Bevel peered at the notes intensely. I didn’t actually look at the spell in my grimoire that often, since I usually kept the spell slotted.

“That’s… not like most other spells,” Bevel said, pulling out a fresh sheet of paper and copying down parts of it.

“It’s really not,” I agreed as I looked it over for a hint as to what’d caused the change. I suspected it had something to do with the ‘reforging’ from Conflict’s trials, but I wanted to isolate how that’d interacted with the actual spell.

However, Memory Palace had several unique sections that I’d never seen in other spells, and whose purpose wasn’t clearly laid out in the description. A lot of spells were like that, but most of them had their components described, at least in part, somewhere.

Bevel and I spent an hour testing Memory Palace while trying to figure out which part of the spell was reacting to my ‘reforging’. While we didn’t figure out the spell mechanic, we were able to confirm that I experienced time at a little over twice the real world’s time while I was inside.

Which would be useful, without a doubt.

But it was incredibly vexing to not know why it was like that. When I went to ask Keeper, it recommended several time based spells that it thought might help, but couldn’t confirm any of them would be what I was looking for. They were all surprisingly weak spells too. Time didn’t seem to be an effective affinity. Either that or it was just too rare for Keeper to have collected any good spells.

The fact that Keeper wanted ten shards for even the cheapest of the spells was enough for me to hold off on going down that route, for the moment.

Instead, I returned my attention to the original reason I’d come to Bevel, and we started talking about mana-bodies.

“Pretty sure Banya’s been investigating all the runes we use. She might have some ideas too,” Keria said just after Bevel and I started.

Which led to us hunting down Banya, who was working on some enchanting homework Xoth had given her out on the tavern’s patio, despite the raging storm overhead. It seemed Esbee had gotten someone to put in transparent stone awnings for the patio. Made for quite the place to work, if you were willing to put up with an occasional gust of wind.

As we went through everything, we confirmed that the facilities were only part of what I’d need to figure out mana-bodies.

Balthum's notes indicated he'd succeeded with Bevel and she confirmed that it’d been in one of his weird labs hidden near the ocean. Not in the ocean, like the Golden Halls though.

While he’d succeeded, as a side effect, he'd effectively stunted her growth. That wasn't what I wanted. What I needed, if I wanted to keep my promise to Tamrie without crippling her, was access to the Golden Halls of Ascension. The more we read and the more we talked, the more it seemed like the Halls were the original source of mana-bodies.

At least in the old Ventinial Commonwealth.

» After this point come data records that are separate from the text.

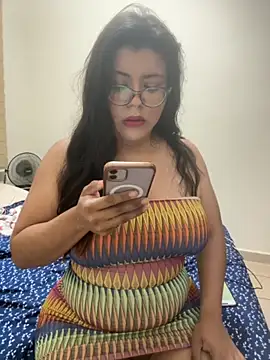 karysweetbeaury online show from September 27, 3:11 am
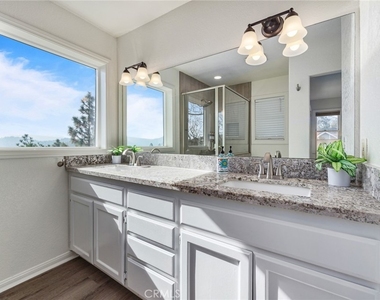 27775 Matterhorn Drive - Photo Thumbnail 16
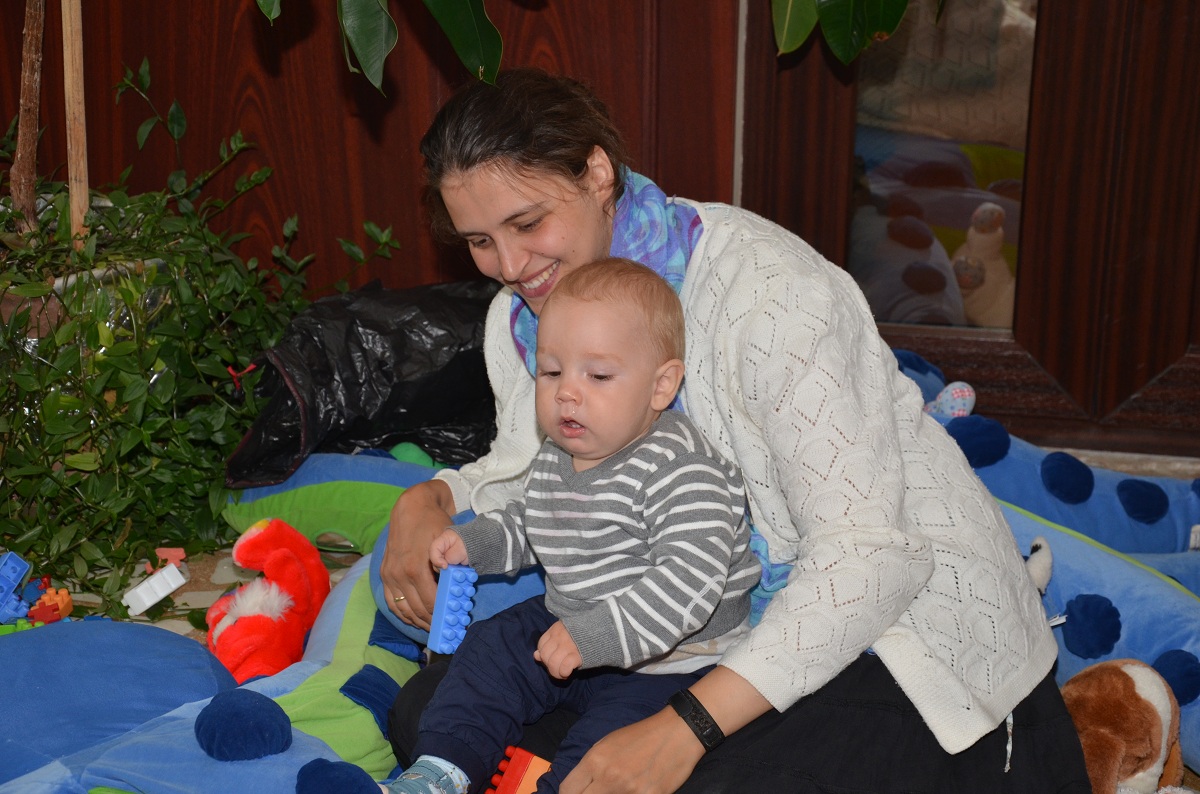 100 de preoţi, însoţiţi de preotese şi de copii, în conferinţă la Durău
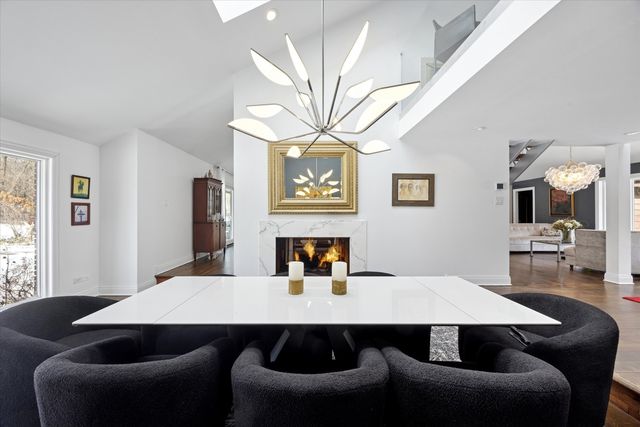 7940 Wolf Road, Burr Ridge, IL 60527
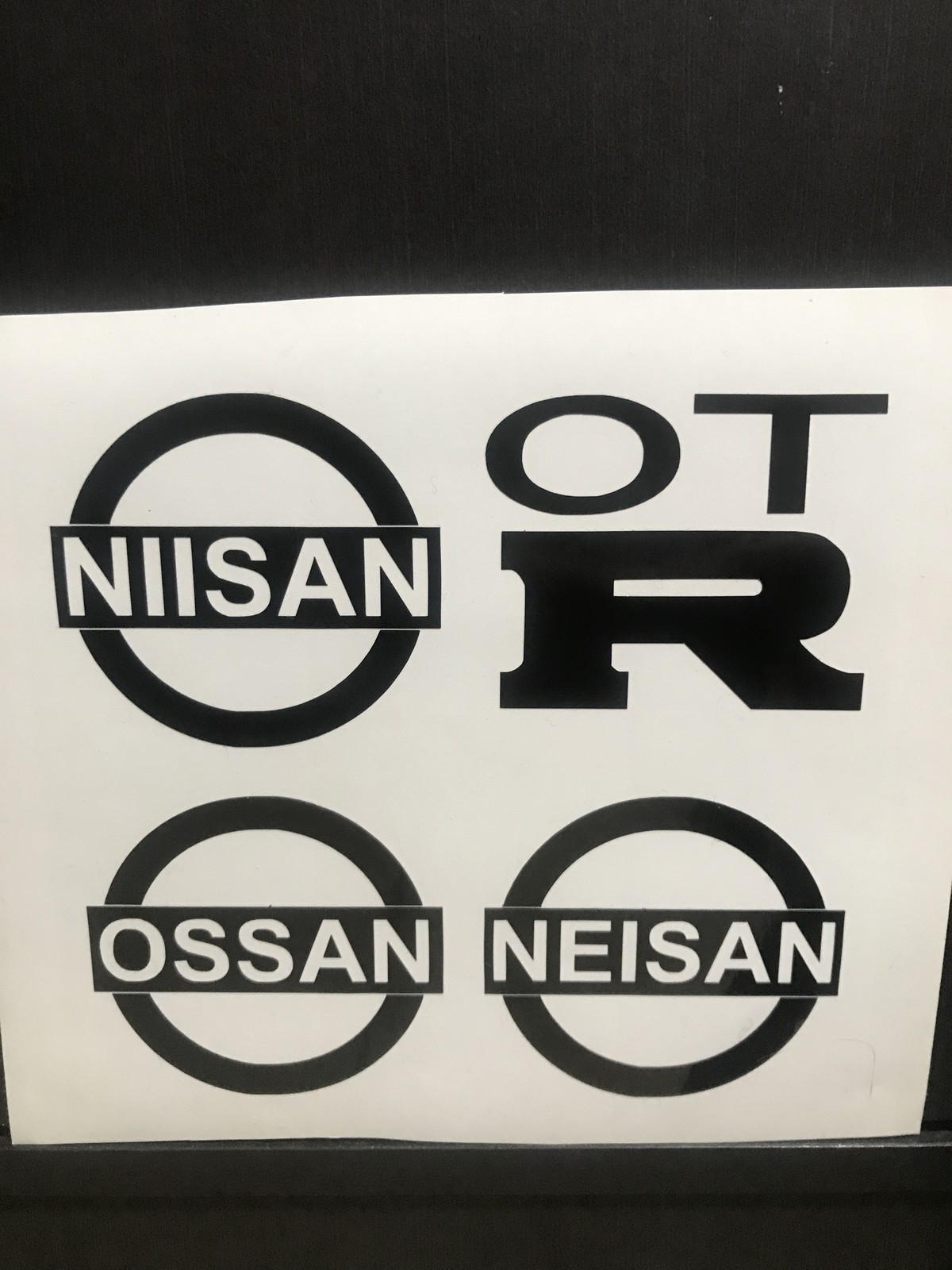 日産パロディステッカー Gt R D Style Company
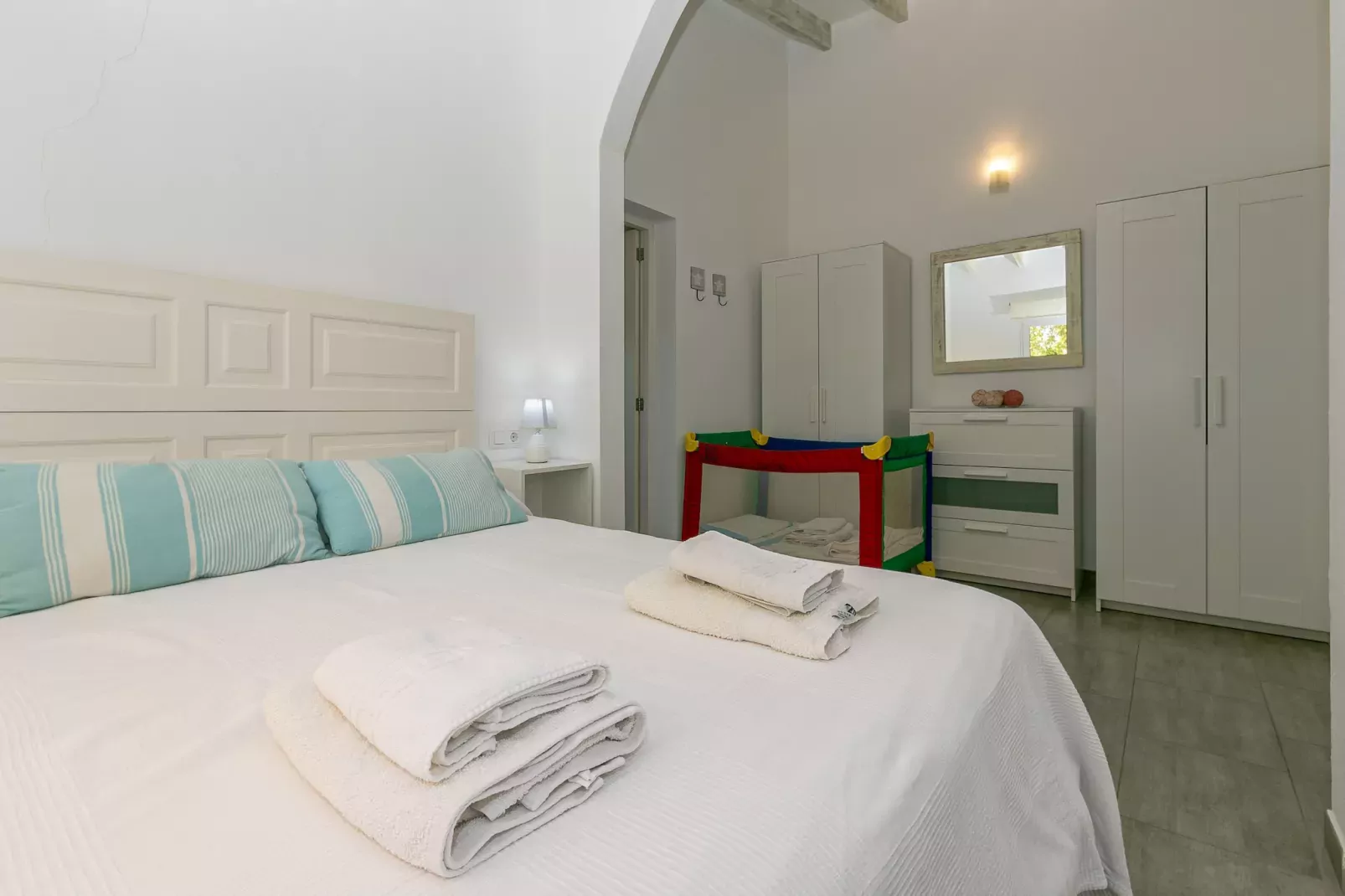 VILLA LES OLIVERES PETITES DE UN DORMITORIO-Bedroom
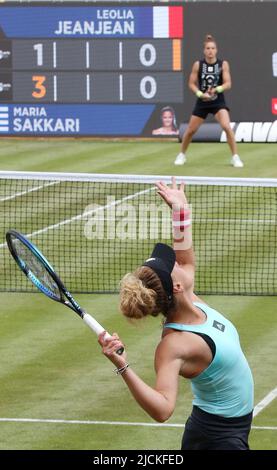 Berlin, Deutschland. 14.. Juni 2022. Tennis: WTA Tour, Runde von 16 Singles, Frauen, Wettkampf, 1. Runden Jeanjean (Frankreich) - Sakkari (Griechenland) im Steffi Graf Stadium. Leolia Jeanjean hat den Service. Quelle: Wolfgang Kumm/dpa/Alamy Live News Stockfoto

Which seemed to be the name for the government during the time people were still creating mana-bodies the old fashioned way. And by old fashioned, I obviously meant using incredibly sophisticated arcanotech devices to build one within a person's soul.

From what I'd read in Balthum's notes, I doubted he understood that's what it was for. I was also pretty sure that his 'curse' had been some sort of damage to his own mana-body.

My eyes shifted to the map once more. Specifically to one specific glowing symbol.

The Golden Halls of Ascension.

Time for us to decipher the Spellcode Balthum so kindly left behind.